Sorbitium Ices – Their menu is dizzying. These guys KNOW ingredients
Speckmobile – Butter me up, baby. Serving schnitzel that I dream of
Tava Wava – the Bedouin tent of spiced and fragrant wraps. Massive tawa. Also called Mark
The Ribman – for one day only – don’t miss the window for another Mark to bust out his ribs
Tongue ‘n Cheek – Heartbreaker, risk-taker. We love it.
URBAN-ICES – Triking in from Dalston, Carla will pull out lollies unlike any you’ve ever seen

Pic courtesy of Wilkes

VadaszDeli – the Latino/Hungarian thing works for us. Try it, it’s tops
You Doughnut – this pair roll some mean dough and then roll it in delicious glazes. Moreish
Yum Bun – the queen of the bun, Lisa slays them all

eat.st at Station Square, N1C – 28 July – 12 August, 11am-8pm, daily.

Follow the @EatStreet Twitter feed for more info on who’s on, when. This is a role-call of flavour you’re not going to want to miss.

Forward!

KX now = Tuesdays too (and look who we have in the line-up)

15 Apr

King’s Boulevard is about to notch up another day of eat.st activity on its undulous slope. This is good!

Tuesday is the hot new day for curbside food crawling….

People have been asking us for ages to do more days. It seems that London’s appetite for eat.st isn’t ready to be sated yet and we’re so excited that the food and people behind it has been taken to so readily. Meanwhile, we have a crazy number of new traders wanting to join eat.st and come and trade with us on the Boulevard. But it’s a delicate dance starting a market from scratch on an entirely new street with mainly building sites all around and we wanted to give it a few months (and get through the winter) before ramping up the rota.

So now we’re ready to roll into Tuesdays!…And we have some brilliant new traders to bring into the fold. As of this Tuesday 17th April we will have slinging, slicing, dunking and grilling:

Mother Flipper – best burgers we’ve tried in ages. Owner, Manuel, is crazy for the patty and puts everything into it – and it shows. Watch the man behind it cook it and serve it straight to you. That’s some slathery magic right there.

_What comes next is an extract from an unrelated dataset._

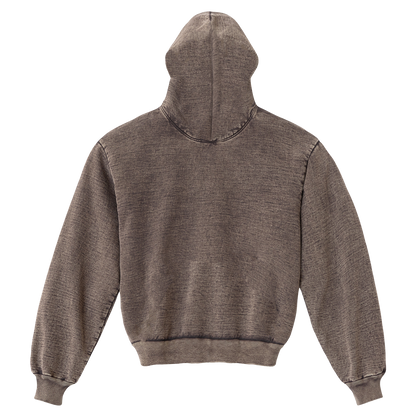 Heavy Mineral Wash Hoodie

(Thanks to Simon K for the pic)

Mussel Men – properly up eat.st’s alley. These cats know how to bring the theatre and the flavour. The swashbuckling Scots will be doing some musselly/muscly things up there. You need to see this.

And joining them will be pasta pioneer Beppinos after a brief two week hiatus (moving from Wednesdays to the new, hot Tuesdays)

(Thanks to Yummy Choo for the pic)

And back to the block (and much missed during their brief spell away to TCB), Banh Mi 11 and the baguettes of lunchtime joy.

Also, to all the crunch-enthusiasts and healthier leaning, we will be bringing in the award-winning French & Grace (formerly Salad Club), crossing the river to bring their particular brand of Britishness to the Wednesday slots.

So lots to get busy chomping….and stay tuned for news on what May is bringing: 5 day weeks on the Blvd. That’s Monday-Fridays, y’all!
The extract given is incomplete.